Earlier this year, workplace collaboration and messaging platform, Slack, announced it would follow in Spotify’s footsteps and go public through a direct listing, instead of an IPO. That means that current shareholders will sell their own stock directly, instead of using banks and underwriters (with hefty fees) to do it for them. Slack says it plans to make around 100m shares available, but that number is subject to change as the launch gets closer.

In Slack’s just-released S-1, which outlines the company’s financials, it reported a net loss of $138.9m and revenue of $400.6m in the fiscal year ending on January 31. Last year, Slack reported a net loss of $140.1m out of a $220.5m revenue. Slack addressed its most recent losses, stating the company was prioritizing expanding the business.

“We continue to invest in growing our business to capitalize on our market opportunity,” stated the S-1. “As a result, we incurred net losses of $146.9m, $140.1m, and $138.9m in fiscal years 2017, 2018, and 2019, respectively.”

Slack’s S-1 also said that in the three months before January 31, the platform attracted over 10m daily users, and had participation from over 600,000 organizations. Slack has already raised $1.2bn in investment rounds led by Accel, Andreessen Horowitz, Social Capital, SoftBank, Google Ventures and Kleiner Perkins.

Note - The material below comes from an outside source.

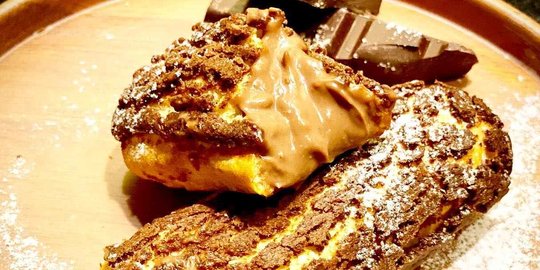 Bikin Semangat Kerja Membara dengan Lezatnya Dark Noir Croquant Eclair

“Our users, whether on a free or paid subscription plan, are highly engaged, and their collective active use of Slack for the week ended January 31, 2019 exceeded 50m,” said the S-1. “During the week ended January 31, 2019, more than 1bn messages were sent in Slack. During this same time, on a typical workday, users at Paid Customers averaged nine hours connected to Slack through at least one device and spent more than 90 minutes actively using Slack.”